Na innym, kluczowym dla globalnych rynków posiedzeniu Amerykański Bank Rezerwy Federalnej zdecydował wczoraj o obniżeniu tempa skupu aktywów w ramach programu QE o 15 mld USD z zamiarem zakończenia go w połowie przyszłego roku. Jednocześnie utrzymał przekonanie o przejściowym charakterze obecnych procesów inflacyjnych, dzięki czemu, jak się sądzi, nie będzie konieczne szybkie podnoszenie stóp procentowych w USA.

Od połowy listopada Fed będzie skupował obligacje skarbowe (TB) i papiery zabezpieczone hipotekami (MBS) za kwotę 95 mld USD, zaś od grudnia zmniejszy skup o kolejne 15 mld USD. W komunikacie podkreślono, że zasadnym będzie dalsze obniżanie QE w tym tempie w kolejnych miesiącach. Od polowy grudnia Fed zamierza kupować TB za 60 mld USD, zaś MBS za 30 mld USD. Fed zaznaczył jednak, że może dokonywać zmian w tym procesie w zależności od rozwoju sytuacji w gospodarce.
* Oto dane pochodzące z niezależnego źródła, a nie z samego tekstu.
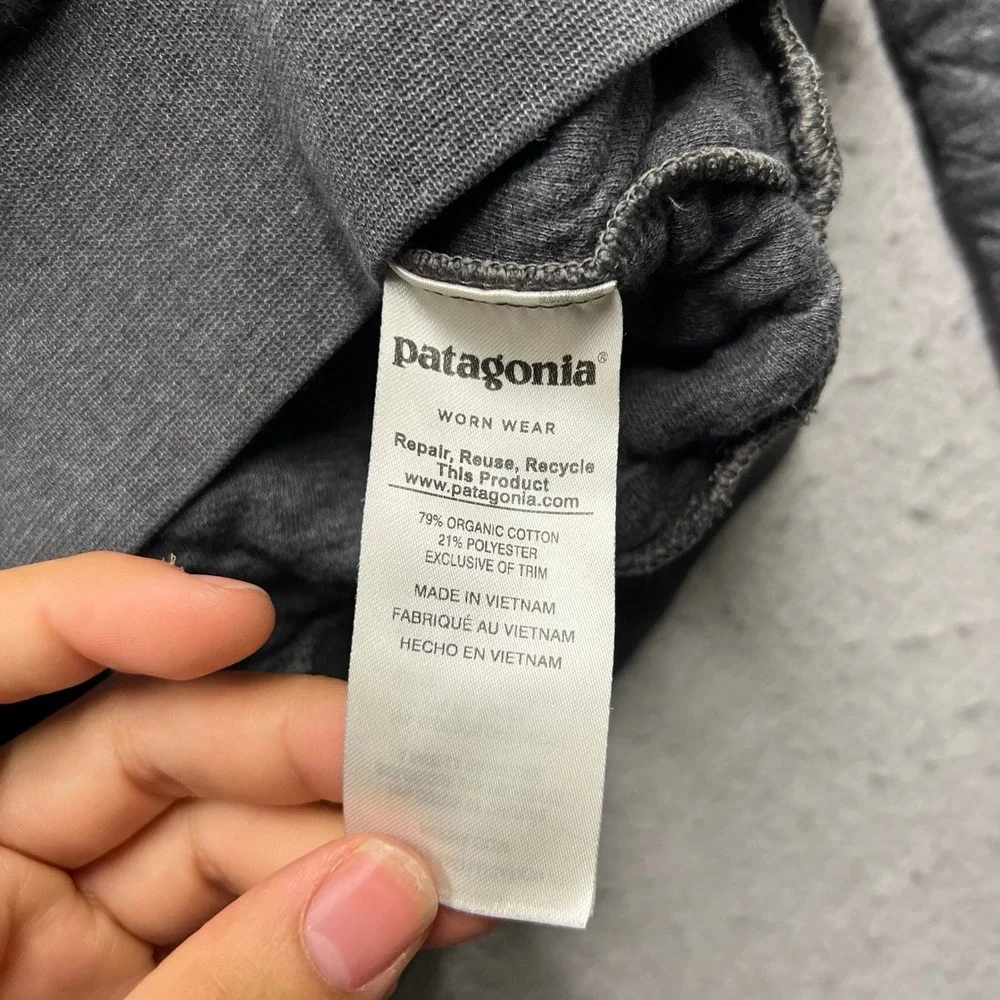 Patagonia Mens Cotton Quilt Snap-T Pullover Grey Navy Blue Size L 1750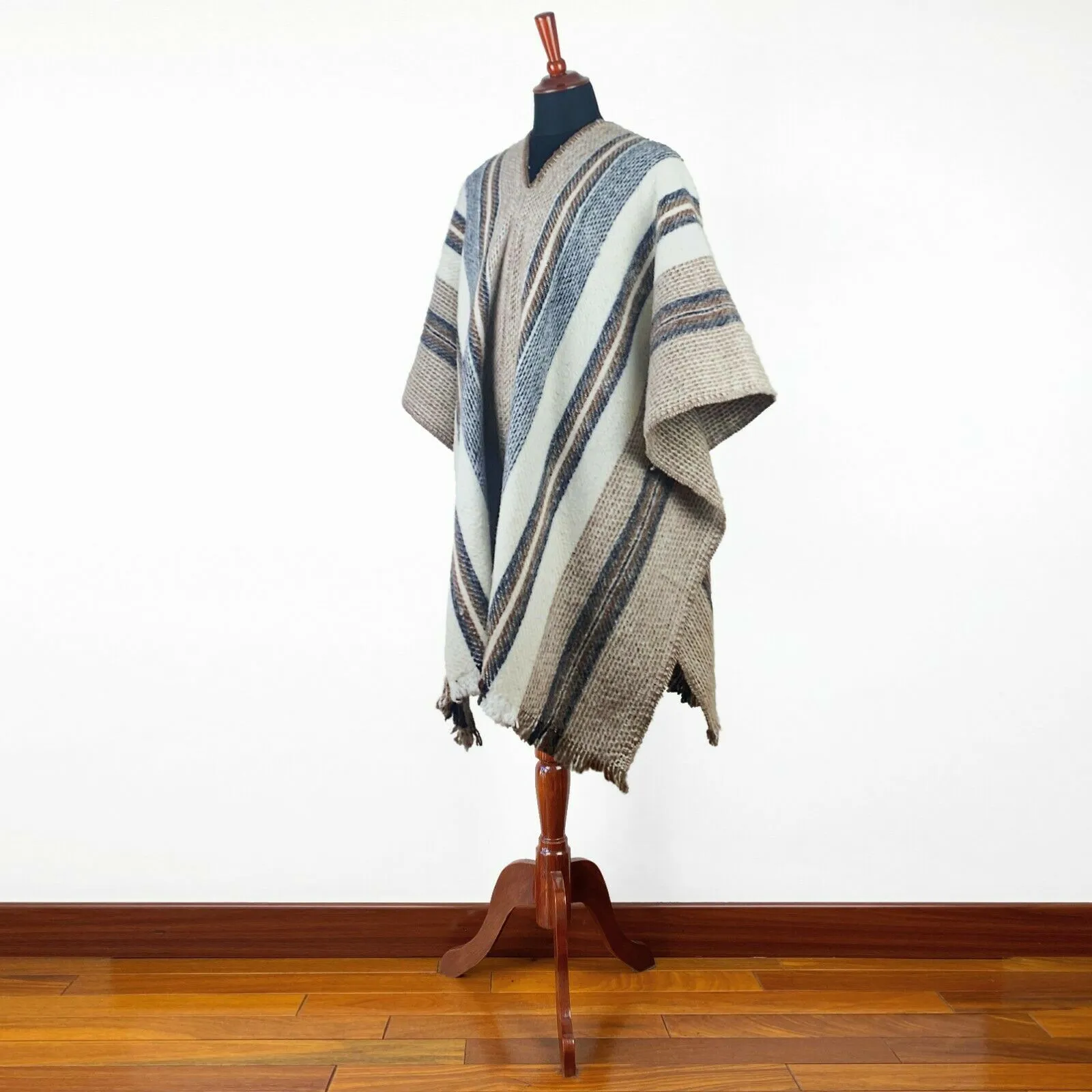 Llama Wool Unisex South American Handwoven Serape Poncho - M-XXL - striped pattern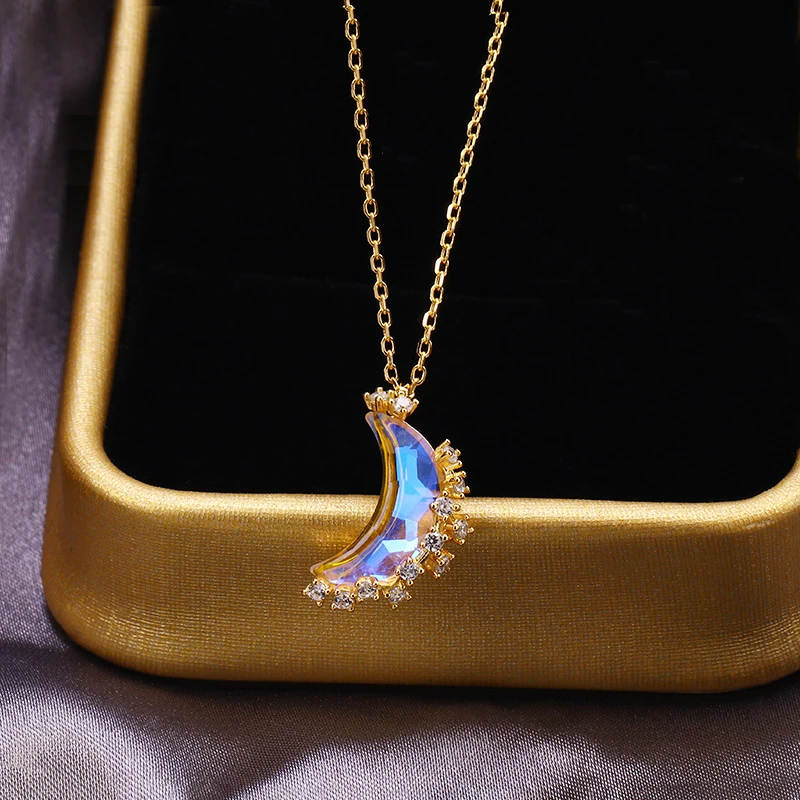 Designer's original craftsmanship inlaid crystal moonstone half crescent chain necklace bright romantic exquisite ladies jewelry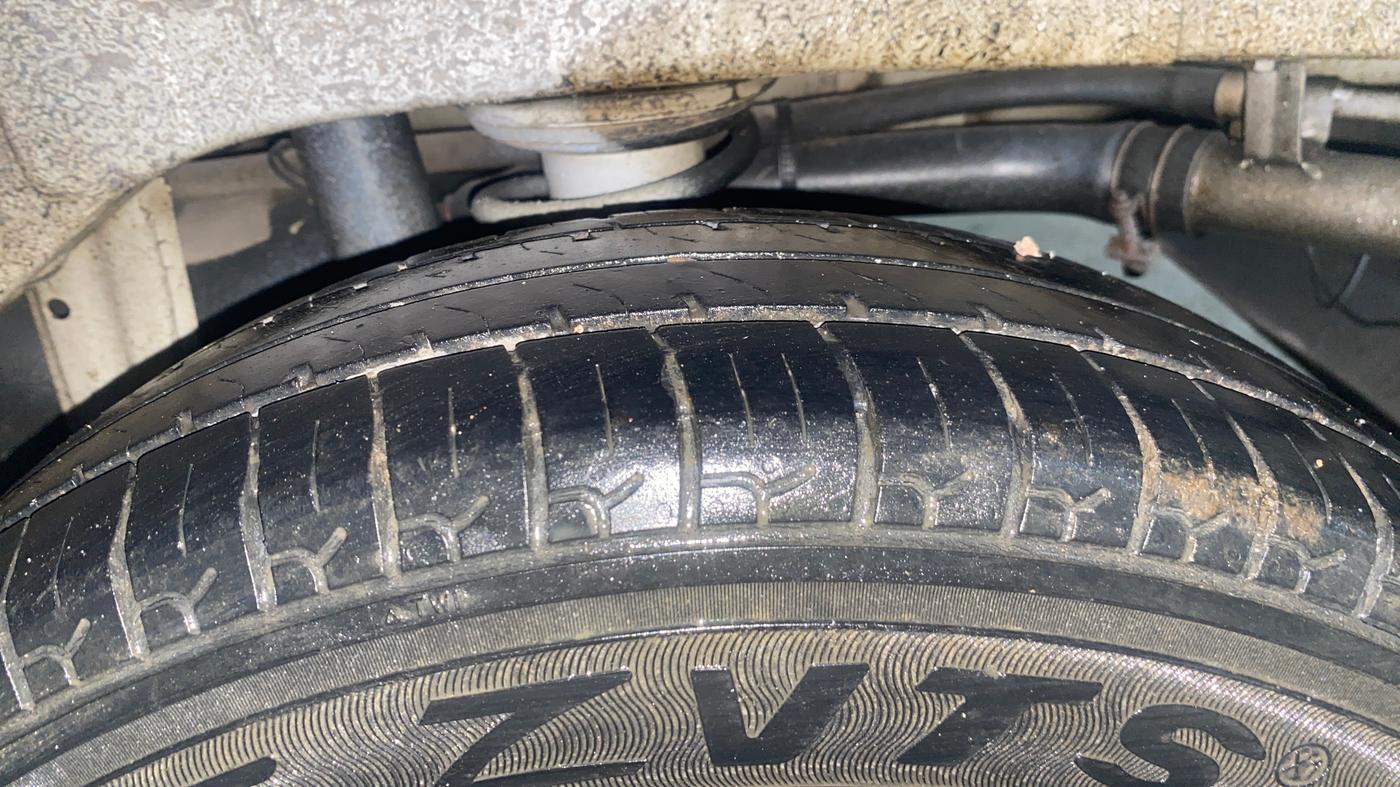 2017 Maruti Alto 800 LXI, Petrol, Manual, 80,176 km, Left Rear Tyre Tread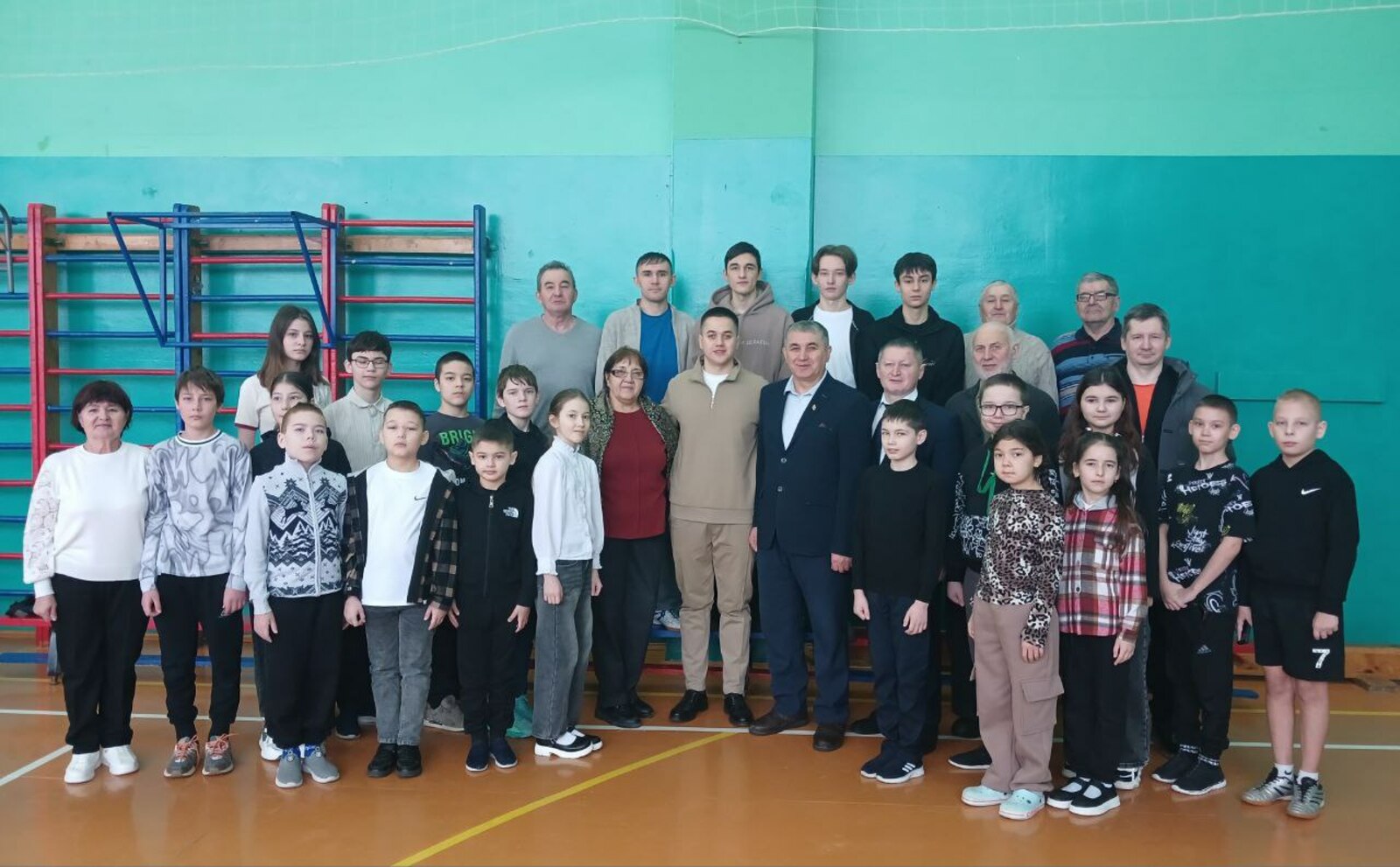 Төрле буын шахматчыларны очраштырып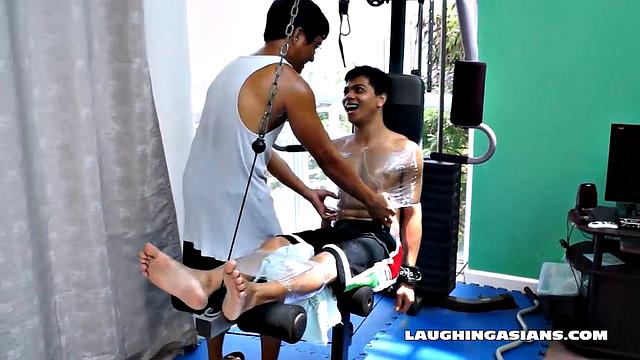 Vahn's Ticklish Session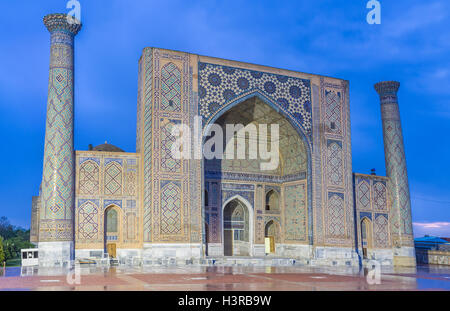 L'éclairage lumineux de Ulugh Beg Madrasah sur la place du Registan, Samarkand, Ouzbékistan. Banque D'Images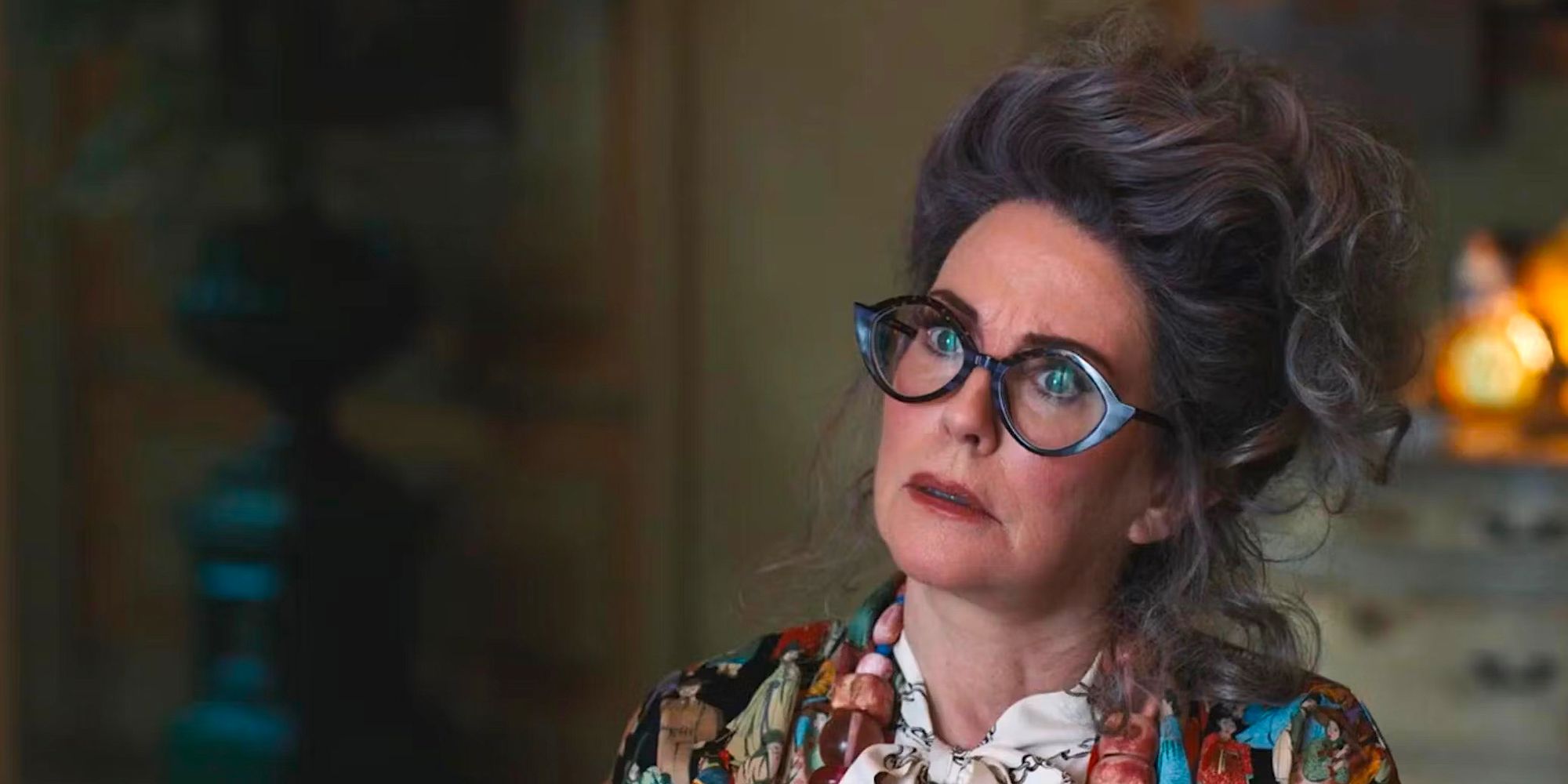Megan Mullally as Evelyn in Dicks The Musical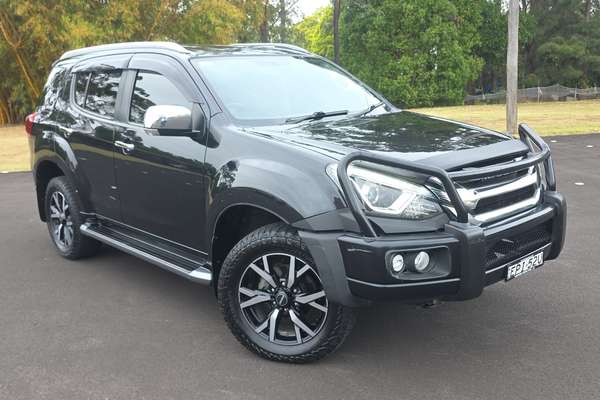 2021 Isuzu MU-X LS-T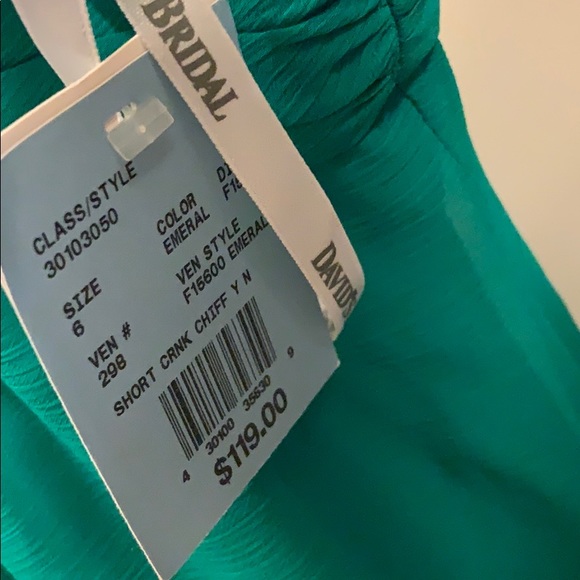 David’s bridal emerald size 6 short chiffon dress - Picture 6 of 8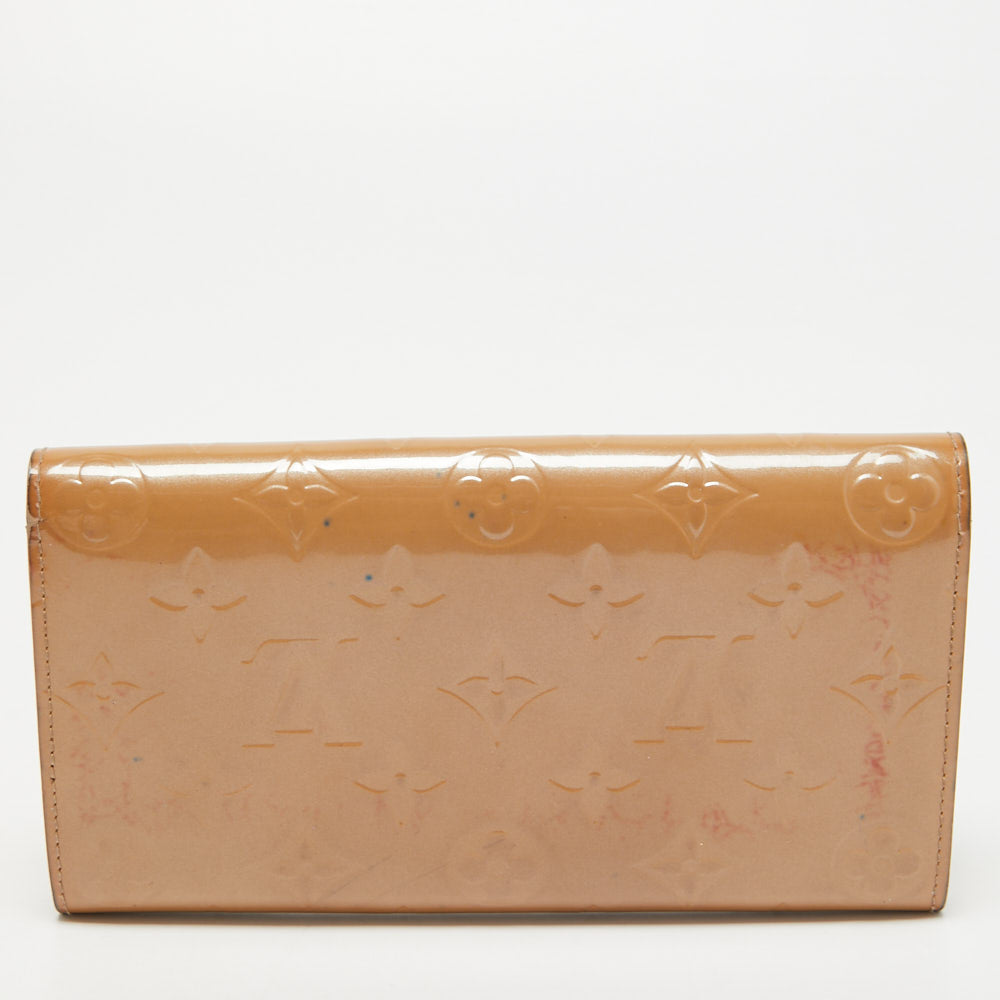 LOUIS VUITTON Noisette Monogram Vernis Sarah Wallet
W ramach normalizowania polityki pieniężnej, nie zasygnalizowano natomiast, by w najbliższym czasie konieczne było podniesienie stóp procentowych. Fed utrzymał stanowisko pozostawania zerowych stóp do czasu, aż inflacja za ostatnie kilka lat osiągnie średni poziom 2 proc.

W reakcji na decyzje amerykańskie indeksy akcji wystrzeliły w górę, podobnie jak rentowności obligacji, zaś dolar się osłabił. Benchmarki z Wall Street zakończyły sesję ok. 1 proc. wyżej niż wczoraj, na historycznych rekordach. Dochodowość 10-latek wzrosła do poziomu 1,6 proc. Dolar stracił do euro 0,3 proc.